# Data for the task
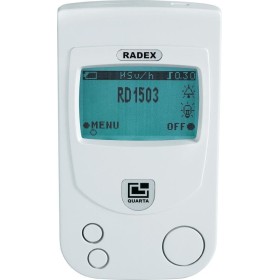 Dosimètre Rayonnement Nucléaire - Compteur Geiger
* * *
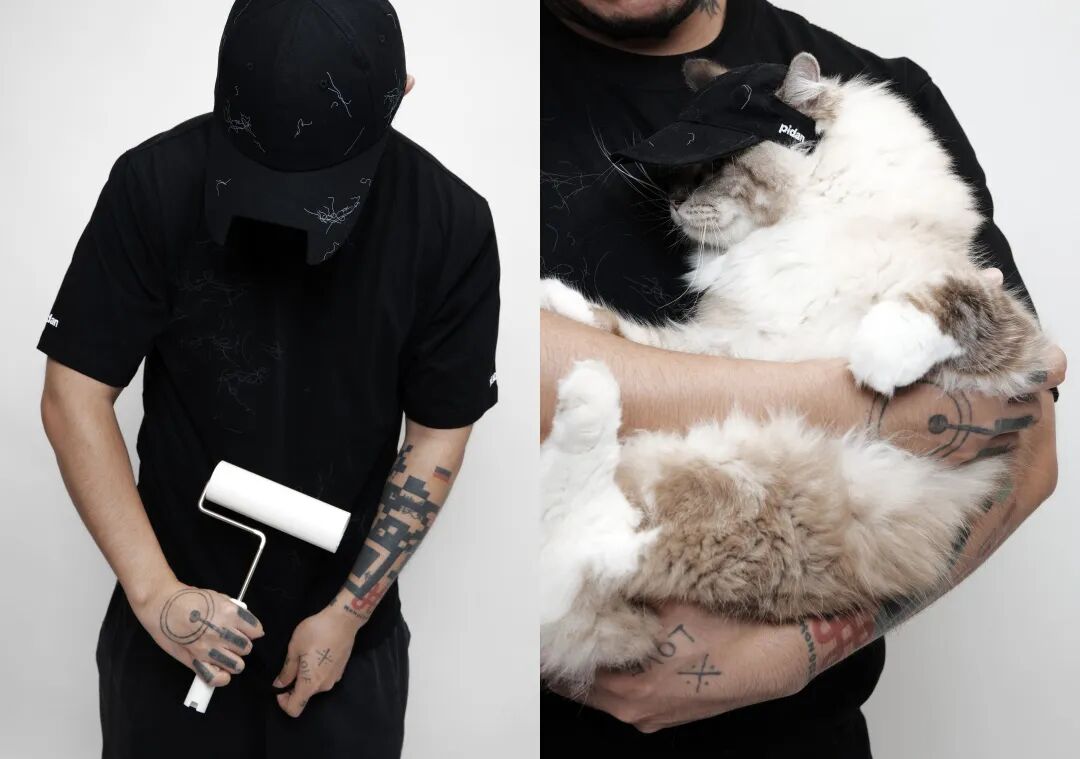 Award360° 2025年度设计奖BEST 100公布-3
* * *
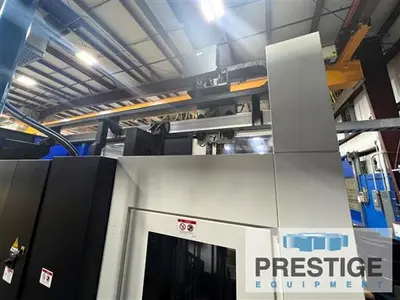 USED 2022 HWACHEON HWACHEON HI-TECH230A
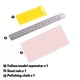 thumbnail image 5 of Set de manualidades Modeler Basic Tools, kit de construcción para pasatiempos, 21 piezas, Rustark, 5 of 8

# Required action
Please repeat the lines of the material above exactly, starting with the line that contains "USED 2022 HWACHEON HWACHEON HI-TECH230A" and ending with the line that contains "thumbnail image 5". Leave the pictures out.

# Solution to this problem
 USED 2022 HWACHEON HWACHEON HI-TECH230A
 thumbnail image 5 of Set de manualidades Modeler Basic Tools, kit de construcción para pasatiempos, 21 piezas, Rustark, 5 of 8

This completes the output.